- _TO DO_
Write out each line of the material exactly as given, and drop the images.

- _RECORDED DATA_

╭──

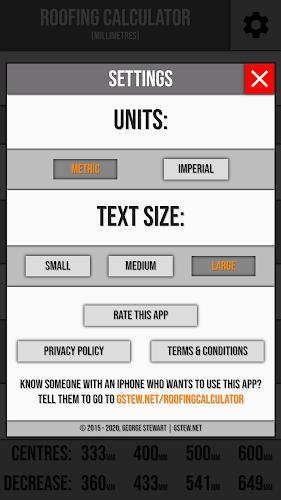 Roofing Calculator Screenshot 3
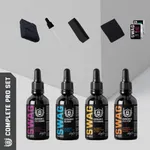 Набір керамічного покриття для кузову SWAG Ceramic SET COMPLETE PRO 9H BASE + TOP + RIMS + GLASS (+аксесуари)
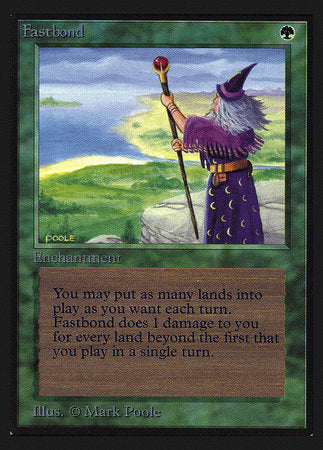 Fastbond (IE) [Intl. Collectors’ Edition] | Magic Magpie
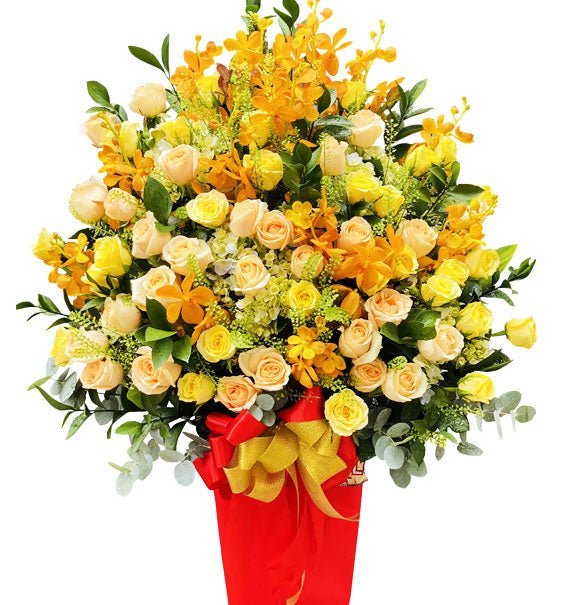 Hoa Tươi Mừng Khai Trương - Hoa Sài Gòn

╰──

- _COMPLETED EXERCISE_
 Roofing Calculator Screenshot 3
 Набір керамічного покриття для кузову SWAG Ceramic SET COMPLETE PRO 9H BASE + TOP + RIMS + GLASS (+аксесуари)
 Fastbond (IE) [Intl. Collectors’ Edition] | Magic Magpie
 Hoa Tươi Mừng Khai Trương - Hoa Sài Gòn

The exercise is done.